I can also see some kind of a solution involving a ConcatenatingDataExtractor, which would contain two or more DataExtractors as it's backing store and then pretend they represent one continuous address space from 0 to sum(sizes) (no sliding necessary). This would achieve what you wanted at a higher level. In a way it would be nicer because there would be a single canonical bytestream for each symbol file and you wouldn't have to ask each DIE for it's own extractor, but I expect it to be a bit harder to implement, and may have a runtime cost.

The next solution which does not require sliding is to modify your previous patch D46606 and insert some kind of offset fixup code there.
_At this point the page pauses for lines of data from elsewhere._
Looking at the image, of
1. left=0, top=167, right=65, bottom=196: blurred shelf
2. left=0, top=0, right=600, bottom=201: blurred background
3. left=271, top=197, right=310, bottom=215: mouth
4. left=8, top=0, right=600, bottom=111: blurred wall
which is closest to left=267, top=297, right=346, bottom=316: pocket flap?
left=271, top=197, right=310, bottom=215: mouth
It seems that in every place you call the new GetData() function, you have an offset around (makes sense, as the reason you are calling GetData is because you want to parse something). We could modify that function to take a virtual (slid) offset as a parameter, and return an offset which is suitable for usage in the returned extractor. So, the usage would become something like std::tie(extractor, real_offset) = die.GetData(virtual_offset);. I'm not sure how nice this will end up in practice, but it's a possibility.

Let me know what you think of these. I'm open to other options as well. The thing I'd like avoid is an implementation that relies on putting objects in an invalid state or invoking undefined behavior.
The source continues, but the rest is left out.